Valves of this kind are very generally composed of a hollow body mounted on the vessel and communicating with the interior of the latter. Inside the hollow body a movable closure member mounted on the end of a rod is adapted to move between a closure position, in which it bears in a leaktight manner against its seat, and an open position in which it is moved away from the seat. A calibrated spring is in compression between a member fixed to the valve body and a member fixed to the closure member rod, in such a manner as to apply to the closure member a thrust holding it in the closed position as long as the pressure in the vessel does not exceed the preset value.
When the closure member is lifted through the action of an excessive pressure, part of the fluid under pressure is discharged from the vessel, thus making it possible to bring the pressure back to a value lower than the preset value, and the calibrated spring returns the closure member to its closed position on its seat.
However, numerous factors may disturb the operation of ordinary valves of this kind, such as, for example, the formation, at the moment of opening, of pressure waves in the fluid contained in the vessel, or, in the case of incompressible fluids, the formation of local negative pressures just upstream of the closure member, thus causing the latter to close before the pressure has actually fallen throughout the vessel. All these factors result in unstable operation of the valve and hunting of the closure member, which may in turn give rise to the seizure of the valve or hammering in the pipes protected by the valve.

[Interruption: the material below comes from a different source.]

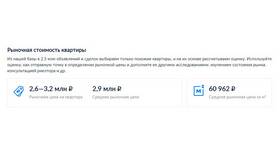 Как подать объявление на ЦИАН в NL International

In order to eliminate these disadvantages, it appears necessary to provide assistance for the operation of the closure member. Assistance in opening amounts to momentarily reducing the calibration of the spring in order to obtain clean, rapid opening when the pressure in the vessel attains the critical value, and preventing the closure member from tending to reclose immediately through the action of a local fall in pressure; on the other hand, assistance in closing amounts to increasing the calibration in order to ensure sharp closure and preventing inadvertent reopening when the total pressure in the vessel has dropped back below the preset value.
For this purpose various assistance devices have already been proposed which utilize magnetic or pneumatic means, but they always have, either separately or simultaneously, various kinds of disadvantages. In some cases, assistance both in opening and in closing is not achieved, or else these devices constitute only simple dampers for the movement of the closure member.
Other devices provide only assistance in locking at the end of the opening or closing movement of the closure member. Certain devices are not entirely autonomous and depend on a general compressed air distribution system or an electricity supply system, so that their operational reliability may be jeopardized in the event of a failure of the supply, although the device should then continue to serve its safety function. Still other devices make use of complex fluid distribution circuits, thereby increasing the risk of failure. Finally, it is advantageous in industry to be able to fit such assistance devices to conventional valves already installed, and also to be able to make tests without load, without having to dismantle the equipment; this last point is particularly important in pressure vessels in nuclear reactors.